Since our workers run in AWS, it’s simple enough to add a cache. We can gain temporary S3 credentials through either taskcluster, or through an IAM role attached to the instance. Because other tasks may be using the same instances, we opt for gaining temporary S3 credentials through taskcluster. Some extra scripting in the Docker container lets us work out what the S3 bucket name is from the task’s scopes, and how to ask for the credentials with the help of the awesome jq tool:

# auth:aws-s3:read-write:tc-gp-private-1d-us-east-1/releng/mbsdiff-cache/
# -> bucket of tc-gp-private-1d-us-east-1, path of releng/mbsdiff-cache/
# Trailing slash is important, due to prefix permissions in S3.
S3_BUCKET_AND_PATH=$(jq -r '.scopes[] | select(contains ("auth:aws-s3"))' /home/worker/task.json | awk -F: '{print $4}')

if [ -n "${S3_BUCKET_AND_PATH}" ] && getent hosts taskcluster
then
  # Does this parse as we expect?
  S3_PATH=${S3_BUCKET_AND_PATH#*/}
  AWS_BUCKET_NAME=${S3_BUCKET_AND_PATH%/${S3_PATH}*}
  test "${S3_PATH}"
  test "${AWS_BUCKET_NAME}"
  set +x  # Don't echo these.
  secret_url="taskcluster/auth/v1/aws/s3/read-write/${AWS_BUCKET_NAME}/${S3_PATH}"
  AUTH=$(curl "${secret_url}")
  AWS_ACCESS_KEY_ID=$(echo "${AUTH}" | jq -r '.credentials.accessKeyId')
  AWS_SECRET_ACCESS_KEY=$(echo "${AUTH}" | jq -r '.credentials.secretAccessKey')
  AWS_SESSION_TOKEN=$(echo "${AUTH}" | jq -r '.credentials.sessionToken')
  export AWS_ACCESS_KEY_ID
  export AWS_SECRET_ACCESS_KEY
  export AWS_SESSION_TOKEN
  AUTH=
fi

Before each call to mbsdiff, we get a SHA hash of the two files we’re about to diff, and check to see if there is an object in S3 keyed on those hashes and the filename. If there is, we can download it and use that instead. If it’s not there, we store it in S3 after computing the diff. This means that the en-US partials build takes longer, but saves the other locales work.

Network I/O is not free, and neither is computing the SHA hash, so there’s a possibility for more optimisation by only doing this on files above a certain size. For the smallest files, we’ve traded CPU time for network latency. Have we saved time overall?

It doesn’t look easy to see. Let’s have a look at the full task durations, to see if that’s clearer. Since we don’t have historical data for this in Datadog, we import the data into plot.ly and produce a graph there.

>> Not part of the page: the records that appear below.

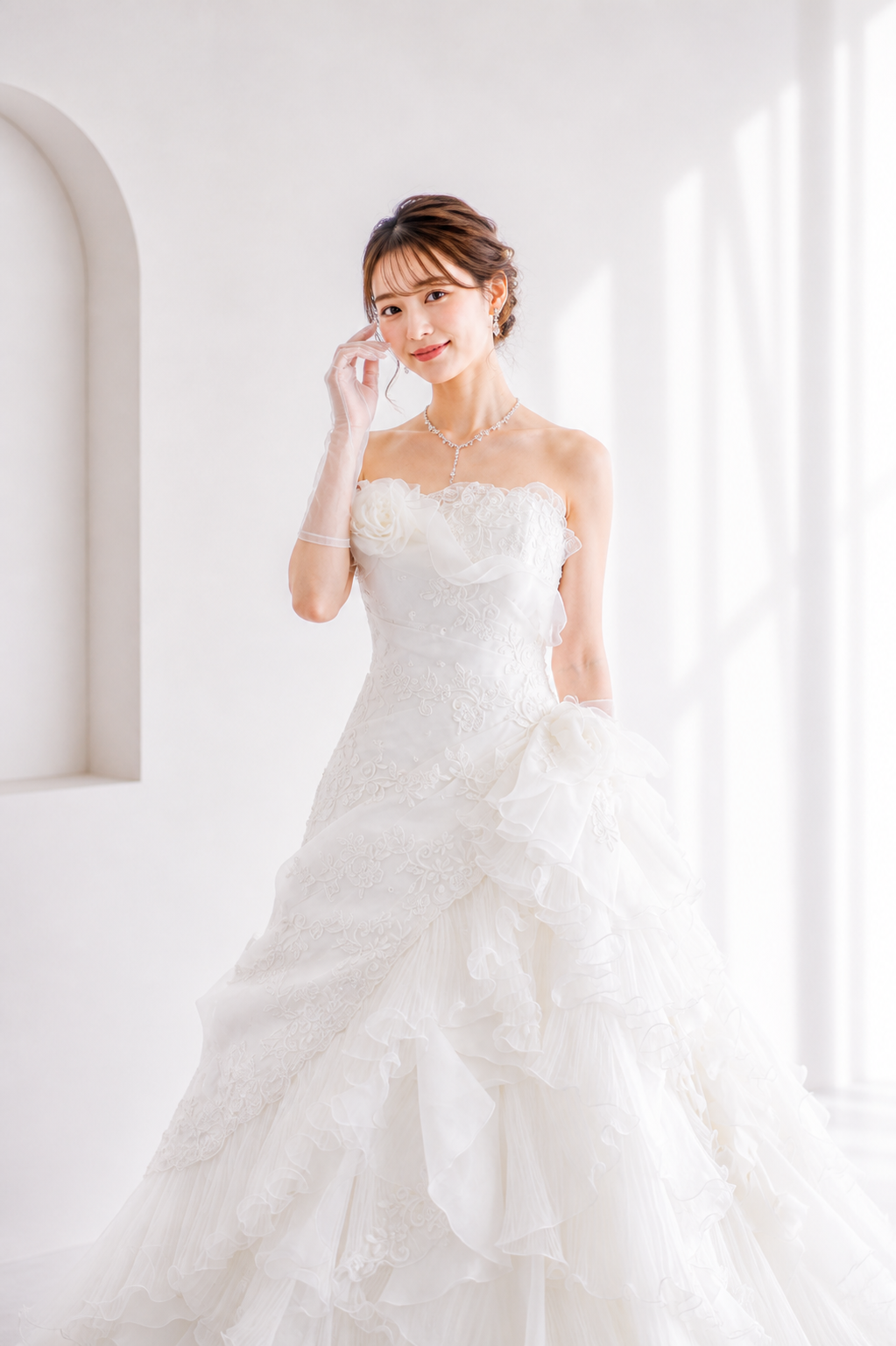 ウェディングドレスを着た女性
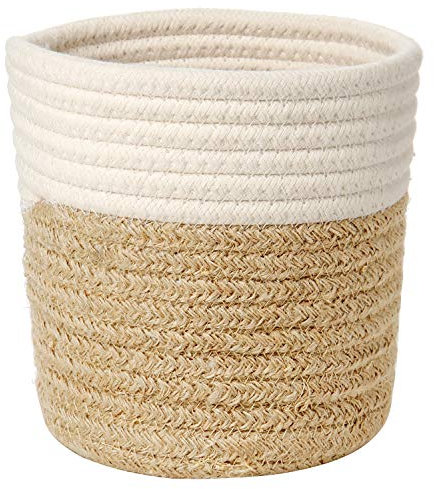 Briful Cesta tejida de cuerda de algodón de 15 x 15 cm, macetas de yute para interiores, cestas de almacenamiento para plantas, juguetes, manualidades, decoración moderna del hogar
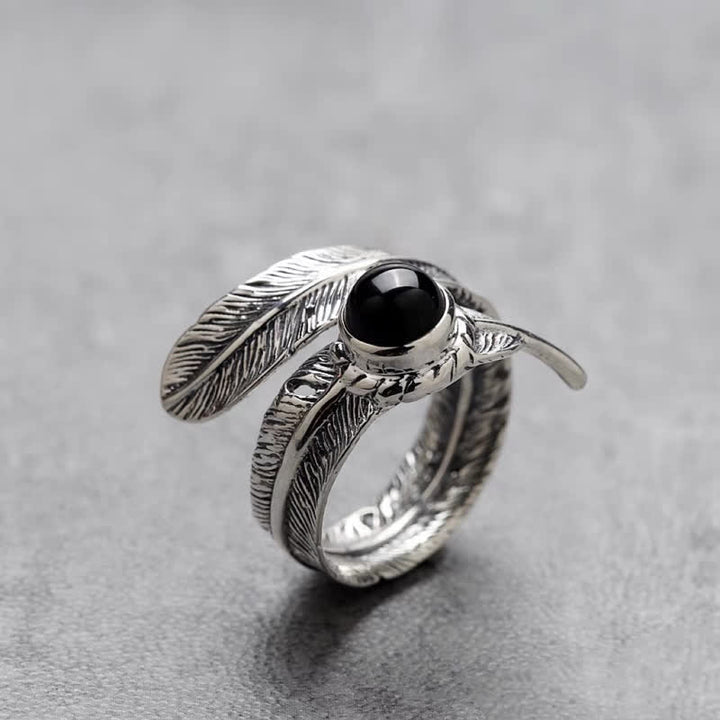 Olivenorma Hip-Hop Black Onyx Adjustable Feather Ring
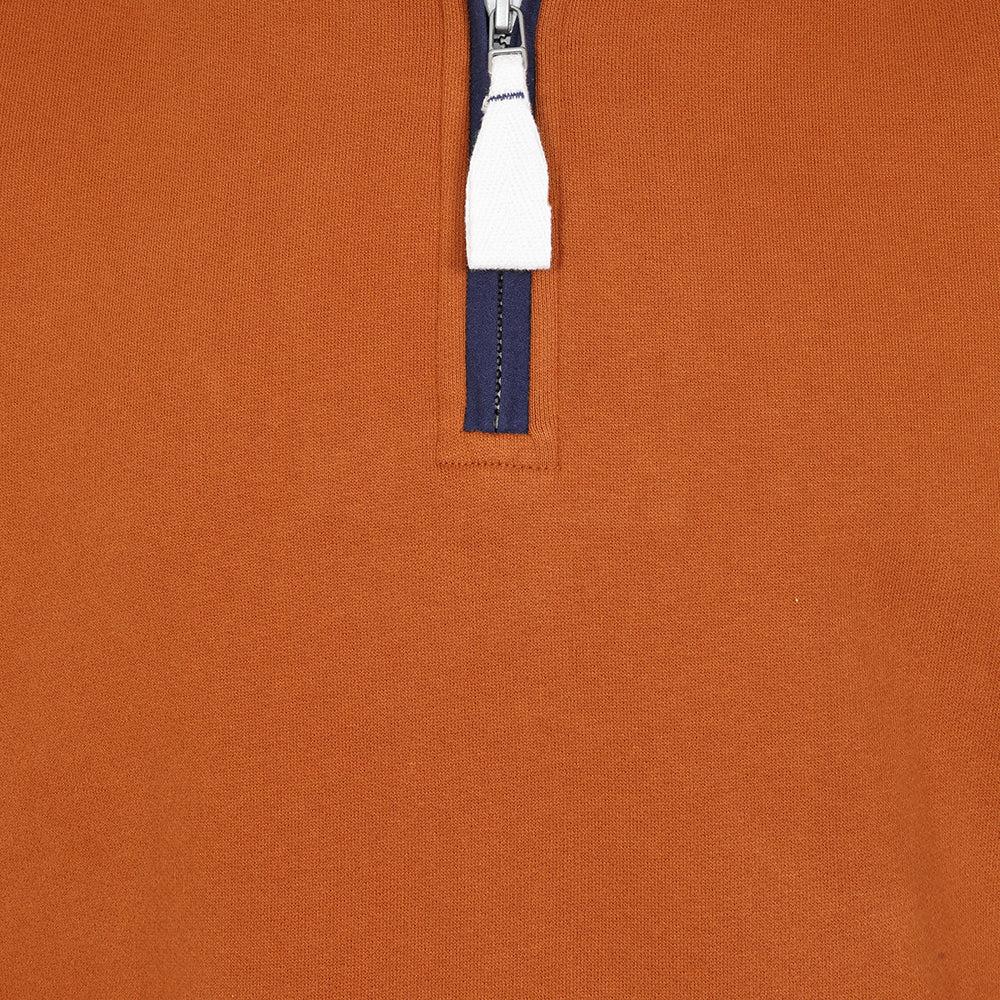 Orange - Side - Lazy Jacks Womens-Ladies Quarter Zip Sweatshirt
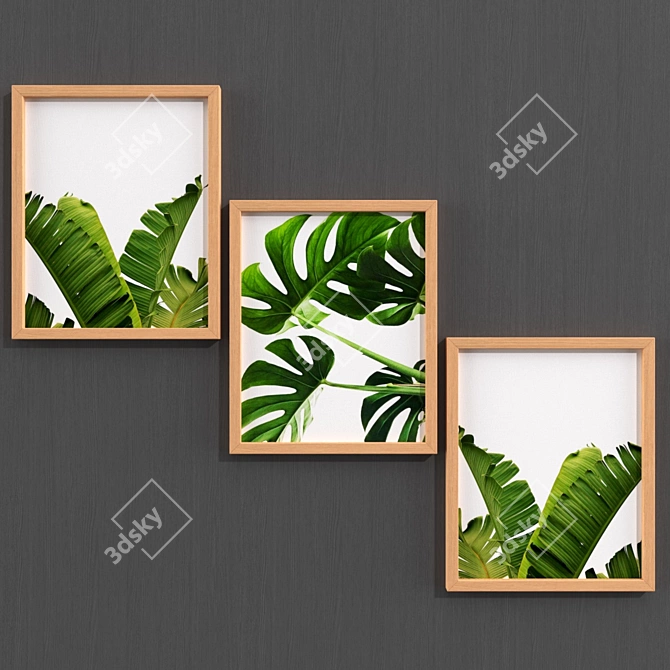 Leaves Collection - Modern Artwork (400 x 500 mm)  Contemporary Nature Paintings 3D model image 2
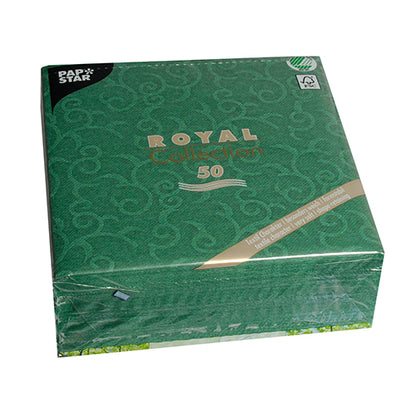 Eine Packung mit 50 PAPSTAR GmbH Servietten "ROYAL Collection" 1/4-Falz, grün, 40 x 40 cm, elegant gestaltete Papierservietten aus der Royal Collection.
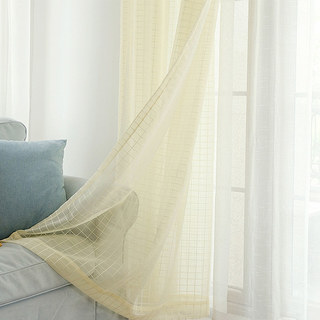 In Grid Windowpane Check Light Yellow Gold Shimmery Voile Curtain 4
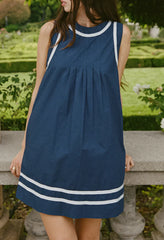 Ebba Navy Cotton Dress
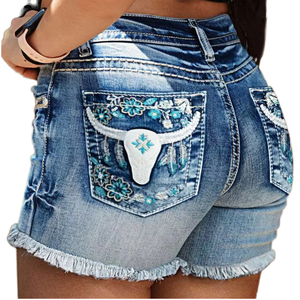 Shorts en jean vintage pour femme, taille haute, bleu, broderie tête de taureau, coupe droite, respirant, style western, vente en gros - Product Image 3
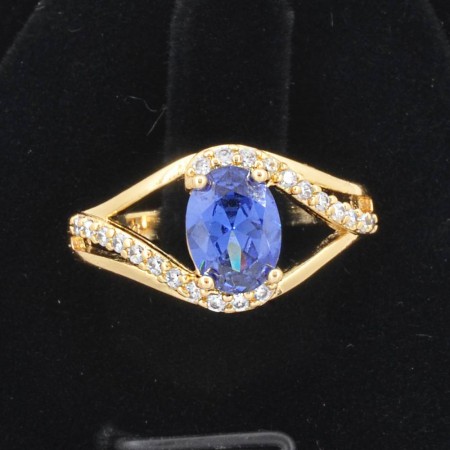 Восхитительное кольцо с фианитами ХР 10-1070-синий фото | Brulik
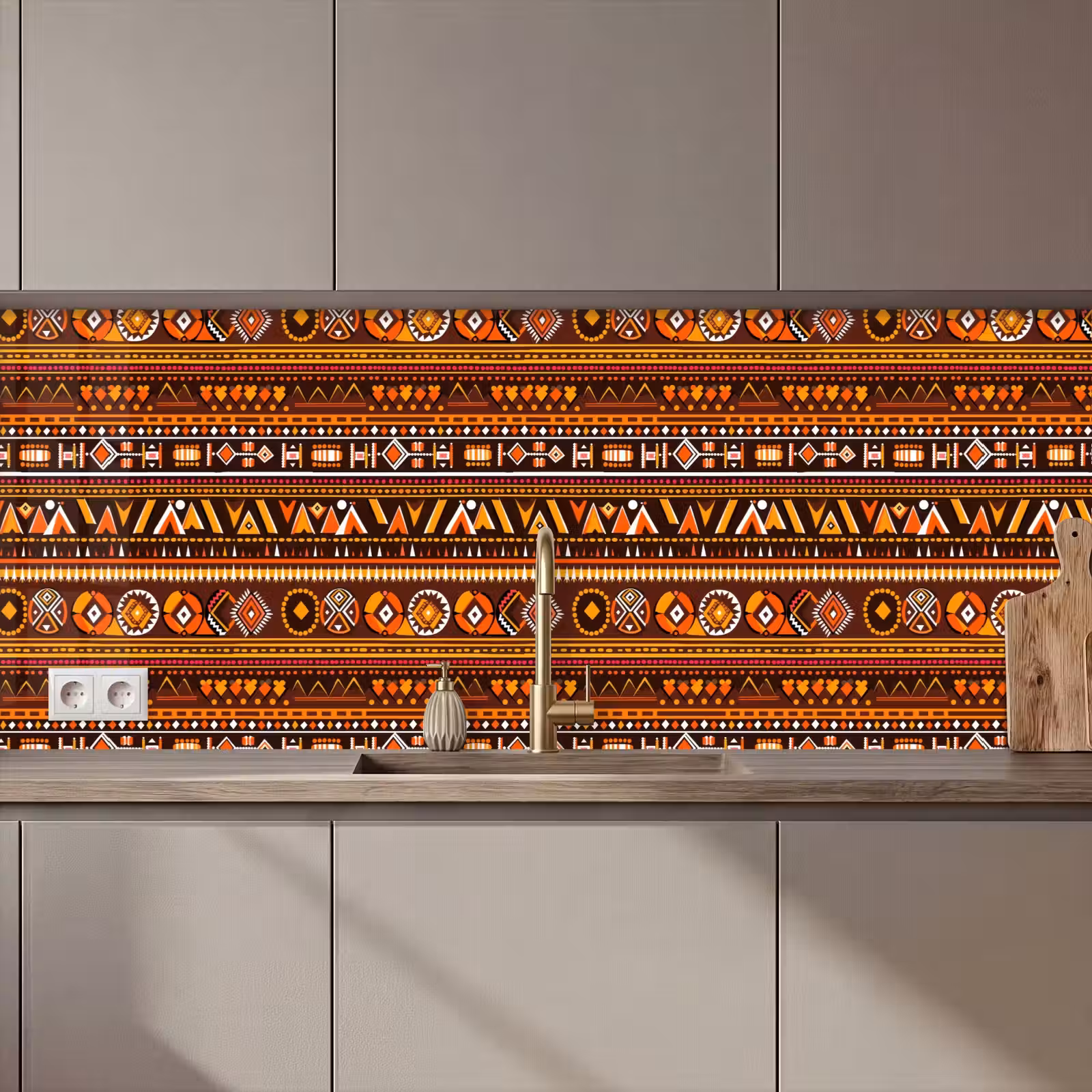 Küchenrückwand - Orange – Ethnisch – Tribal – Geometrisch – Muster — 1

This is much clearer, even though it’s an aggregate value over four partials generations. The end of the graph shows a marked drop in task duration. We expect spikes, because en-US still takes the original length of time – in fact, a bit longer because now it has to upload patches. It looks like MacOSX takes even longer now. Are there cache misses? We need to add more metrics collection to find out. It looks like we have saved a lot of effort for the other platforms.

Adding to the table from earlier, we can compare the average task times

Platform Pre-caching Duration Post-caching Duration
windows2012-64 14m53s 14m00s
windows2012-32 13m41s 13m03
linux64 17m11s 13m25s
linux32 13m18s 10m53s
OSX 19m14s 22m37s

That MacOSX change definitely needs investigating. A good place to start would be a more sensible use of caching, so it’s only done for larger files. We also need to know our cache hit rate.

In part 2, we will work on making some of the IO in the partials task asynchronous, and afterwards look into what’s happening with the cache.